Special projects closely overseen by the Treasurer and Executive include operating the Bookroom at the 2015 Annual Meetings of the Canadian Archaeological Association (CAA) in St. John’s this past spring, and partnering with the CAA to design and produce a chocolate artefact mold. We introduced the ‘NLAS Chocolate Dorset Harpoon Head’ at the CAA meetings in May and they continue to be a successful fundraising product for the NLAS (limited stock still available for $3 each, or 2 for $5; milk or dark chocolate!).
NLAS chocolate Dorset harpoon head. Milk or dark chocolate (Lori White).
While the day-to-day duties for Treasurer may seem boring to some it’s been incredibly rewarding to see our membership grow and our committees successful in our funding applications so that we can offer our membership and the public more archaeology programming and special events.
- What was the most interesting site you have worked on?
I don’t have a favourite site but I have a favourite type of site. I’m most excited about sites focused on founder populations. What circumstances brought the first people to this region? This continent? This island? How did they transport themselves here? Where did they come from? How big was their group? Did they arrive in search of resources, or introduce non-native species? Why did they stay? In some cases, why did they leave or disappear? The sites I’ve personally worked on have all been coastal – Tonga, Fiji, and Baffin Island, with some brief experience on Prince Edward Island and in Labrador. My favourite field seasons have been spent answering some of the above questions alongside a team of multi-disciplinary peers and they’ve been some of the most memorable experiences of my life.

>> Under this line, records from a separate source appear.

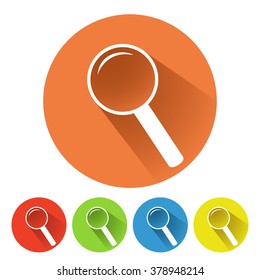 loupe symbol
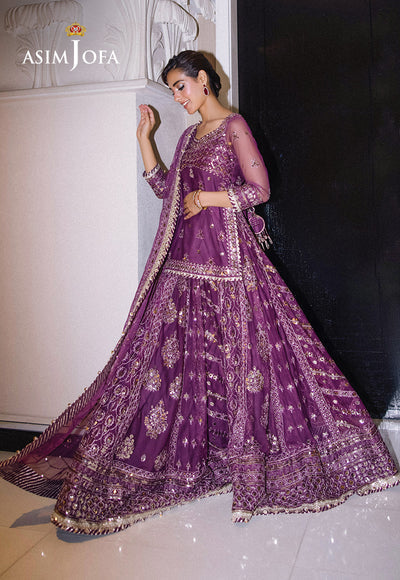 AJFF-01 EMBROIDERED NET 3 PCS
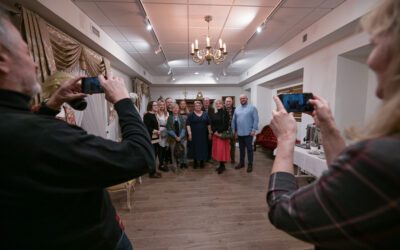 Wystawa pt. „Duchy Puszczy” – pokłosie spotkania plenerowego amatorów-plastyków
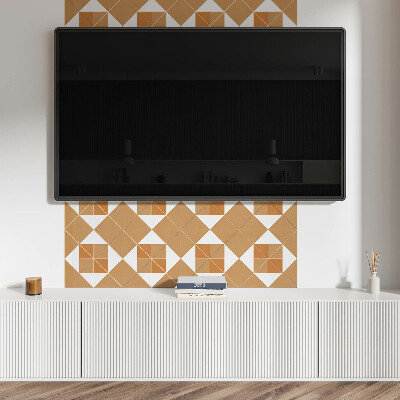 Pvc falpanel Geometria árnyalatokban
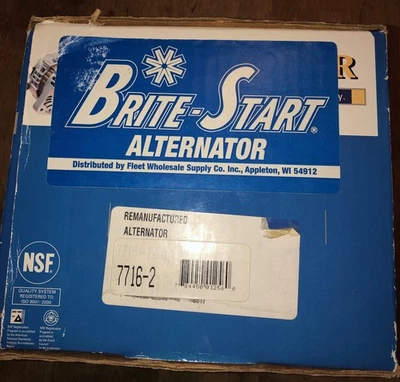 Alternator BBB Industries 7716-2 Reman - Image 1 of 3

- If you could give yourself one piece of advice to help you along your archaeology path, what would it be?
Get your hands dirty and join an archaeology field project! Whether you are a student wanting to major in archaeology, or someone who simply has an interest in archaeology and travel, there are dozens –if not hundreds– of opportunities around the world to register or volunteer to gain archaeological fieldwork experience as part of your education, hobby, or even your vacation.
A dig will help you gain the skills required to excavate an archaeological site. Field schools offer students an opportunity to find out what they do/don’t like about fieldwork and artefact processing. It’s what cinched the deal for myself and many of my friends and colleagues; it’s where they decided they wanted to continue with active fieldwork to become research or commercial (cultural resource management) archaeologists, proceed with graduate school, become archaeology instructors/professors, technicians, collections managers, curators, and conservators. For laypersons interested in gaining a rich cultural experience while visiting a new destination, or exploring local excavations in areas that offer such programs, the hands-on experience you earn by joining an archaeology dig can be both exciting and rewarding.
I realize fieldwork opportunities often come with a price tag and it’s not always an option for everyone. It would be great to see the NLAS offering a local public archaeology dig program to our members in the future.
Getting dirty on a Northwest Coast fieldschool in Scowlitz, BC.
- When I think about the future of the NLAS, I hope…
The organization continues to grow in membership and enthusiasm so we can implement and expand our huge wish-list of projects and programming; including dig programs, awards, research assistant-ships, field trips, public lecture series, conferences, student internships, a full chocolate box of NL artefact types, and community partnerships… to name just a few.
I also hope the NLAS is around long enough that no one will remember what a pain it was to obtain our Registered Charity status.